I had a version of this earlier on using dynamic queries that radically cut the different, confusing, conditions and repeated code. See patch at #4. Can we go back to something like that plus the missing LIKE escaping?
Comment #50
pwolanin CreditAttribution: pwolanin as a volunteer commentedOk, applying that pattern. Also, the fixes all select objects to be
$select
, which is important to reduce confusion when looking at those methods.Comment #51
stefan.r CreditAttribution: stefan.r commentedInterdiff looks great, does anything still needs to happen to the current patch?
Comment #52
chx CreditAttribution: chx commentedWhy on earth did we add local variables for constants??
is this expected to change? Is there a tax on the number of characters? Is there some incredible PHP bug we are coding around? I am so baffled.
Comment #53
stefan.r CreditAttribution: stefan.r commentedComment #54
catchThis looks good to me. If we're really worried about the query building, then switching to database-specific implementations would do it, but then we should reconsider the LIKE/ILIKE optimization we have in the database layer, which is used for a lot of things other than path aliases like user names.

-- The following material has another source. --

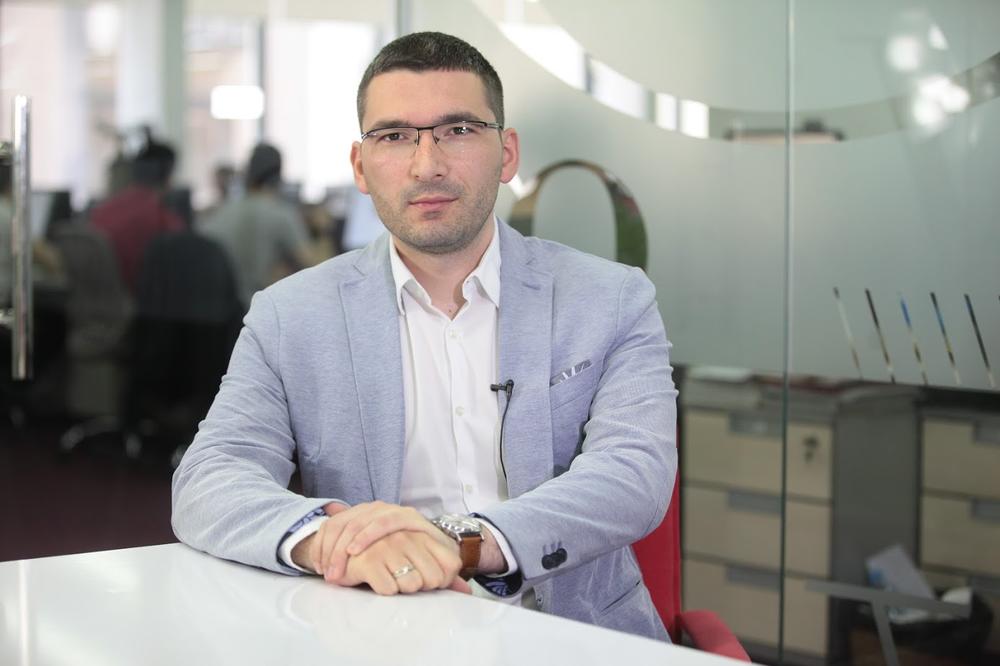 PAROVIĆ: Obradović je ŠIZOFRENA LIČNOST, zbog njegove bolesne ambicije DVERI  nisu postale ono što je trebalo! (VIDEO)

If I mark this RTBC I can't really commit it, but no complaints.
Comment #55
plachEasily solved :)
As a side note, it seems we are applying the same logic multiple times, what about creating a follow-up to factor it out to an helper method and reuse it?
Comment #56
dawehnerThank you peter and stefan
Comment #61
catchRemoving tags now this is both critical and RTBC.
Comment #62
catchCommitted/pushed to 8.0.x, thanks!